2026-03-21 00:00:08 [INFO] Done: 15 documents across 6 collections

Troubleshooting

ETL produces 0 documents every run

Check the watermark. If the watermark is ahead of the actual data (e.g., due to a timezone issue), the query createdAt > watermark returns nothing. Run a backfill to reset watermarks.

MongoDB connection timeout

Check the Atlas IP whitelist. If the VM's IP changed (rare but possible if the static IP was deallocated), the connection will fail. Verify the IP:

# On the VM
curl -s ifconfig.me

Compare with the Atlas whitelist entry (20.25.140.178).

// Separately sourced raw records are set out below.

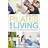 Pilates for Living: Get stronger, fitter and healthier for an active later life (Paperback, 2018)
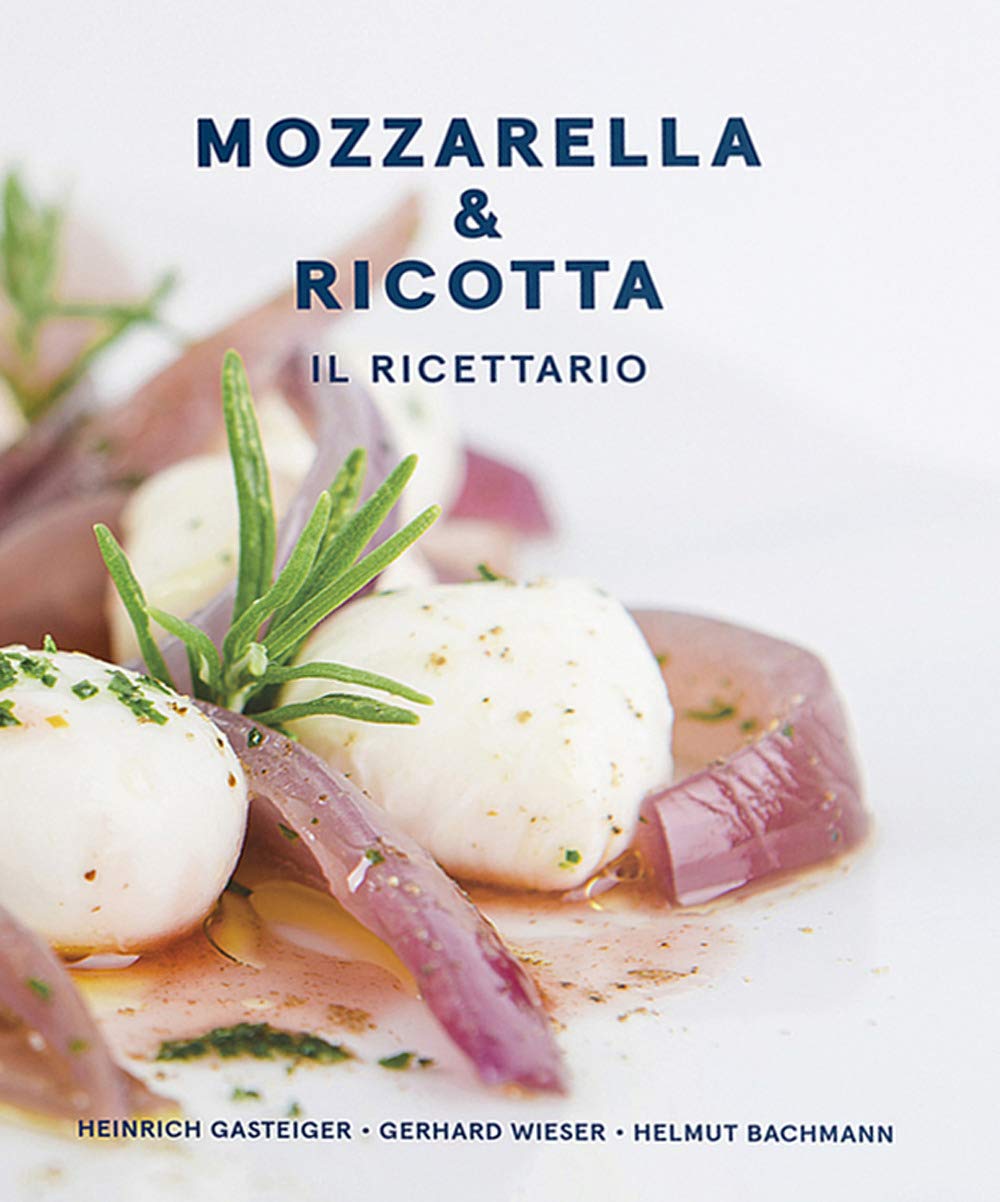 Mozzarella & ricotta. Il ricettario book
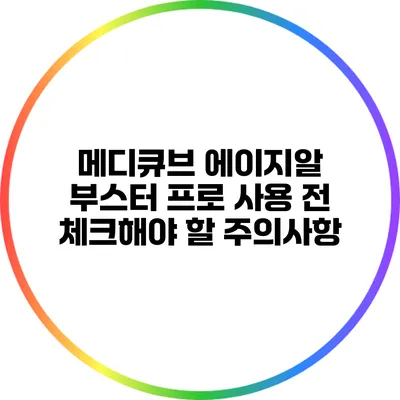 메디큐브 에이지알 부스터 프로 사용 전 체크해야 할 주의사항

If different, update the whitelist in the MongoDB Atlas console under Network Access.

Cron not running

# Verify cron is scheduled
crontab -l

# Check if cron service is running
systemctl status cron

Data shows in raw/ but not curated/

The transform step may be failing on specific documents. Check the logs for "Skipping doc" warnings, which indicate individual document transform failures.

Stale dashboard data

  1. Check if the ETL ran recently: tail -5 ~/etl/etl.log
  2. Check if the VM is up: ssh azureuser@20.25.140.178
  3. If the VM rebooted, cron restarts automatically, but any in-flight run at reboot time is lost

VM Limitations

  • VM needs OS patches (unattended-upgrades is enabled by default on Ubuntu)
  • No automatic restart if VM reboots — cron restarts with the OS but in-flight runs are lost
  • No built-in alerting if the ETL fails — check logs manually or add monitoring
  • Single point of failure — if the VM goes down, data stops flowing

Future Migration: NAT Gateway

When the pipeline becomes mission-critical or needs SLA guarantees, the plan is to migrate to a cloud-native architecture using Azure Functions with a NAT Gateway for static IP.

Target architecture

Azure Functions (Flex Consumption or EP1)
    └── VNet Integration
         └── Subnet with NAT Gateway
              └── Static Public IP
                   └── Whitelisted in MongoDB Atlas

Cost comparison

Setup Monthly Cost
Current VM (B1s + static IP) ~$8
NAT Gateway (EP1 + NAT + IP) ~$111

Benefits of NAT Gateway over VM

  • Fully managed — no OS patches, no SSH keys to manage
  • Auto-scaling — handles load spikes without intervention
  • Built-in monitoring — Azure Functions metrics, App Insights, alerting
  • Built-in retry — timer trigger automatically retries on failure
  • No single point of failure — Azure manages availability

The migration steps are documented in the vm-etl/NETWORKING.md file in the analytics-pipeline repo.